One egg per day, can be protective:  


Other Factors That May Play a Role in the Health Effects of Eggs

One potential explanation for the apparent lack of association between egg intake and cardiovascular disease risk is the fact that the effect of dietary cholesterol on blood cholesterol levels may be modulated by other nutrients in the diet, such as saturated and unsaturated fats and fiber. For example, a high intake of saturated fats, which are found in animal products such as meat and dairy, may increase LDL cholesterol levels and contribute to the risk of cardiovascular disease. On the other hand, unsaturated fats, which are found in plant-based oils and nuts, may have a protective effect on cardiovascular health. Similarly, a high intake of fiber, which is found in whole grains, fruits, and vegetables, may help to lower LDL cholesterol levels and reduce the risk of cardiovascular disease.

A study in the Journal of the American Medical Association from March 2019 titled, Associations of Dietary Cholesterol or Egg Consumption With Incident Cardiovascular Disease and Mortality looked at almost 30,000 participants and followed them for 13 years. They concluded... 

Conclusions and relevance: Among US adults, higher consumption of dietary cholesterol or eggs was significantly associated with higher risk of incident CVD and all-cause mortality in a dose-response manner. These results should be considered in the development of dietary guidelines and updates. 


To Egg or Not To Egg?

As you can see the data goes back and forth. Some studies showed benefit and even protective effects, while others showed some increased risk.

What I normally tell my patient is that the relationship between egg consumption and cardiovascular health is complex and remains the subject of ongoing research.

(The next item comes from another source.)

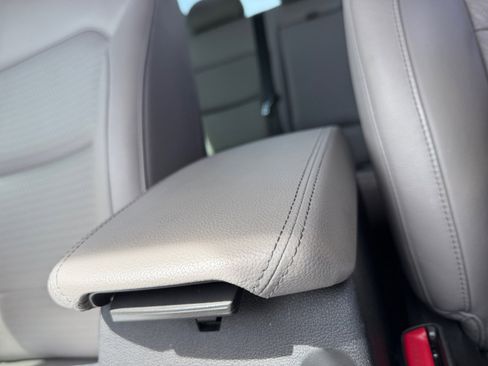 Used 2020 Hyundai Elantra Limited image 15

We may not ever have a final and definitive answer. 

It's still important to consider the overall quality of the diet and the impact of other nutrients on cardiovascular health, especially saturated fat intake. The current evidence suggests that moderate egg intake, as part of a balanced diet, is not associated with an increased risk of cardiovascular disease.

Interestingly, studies have also shown that substituting whole eggs for egg whites or egg substitutes did show a reduction in mortality.

If you have significant risk factors and or a history of heart disease, you may want to consider limiting egg intake to 1 per day based on other studies and the totality data.

As with any dietary decisions, it is important to speak with your doctor, cardiologist or registered dietitian for personalized nutrition advice.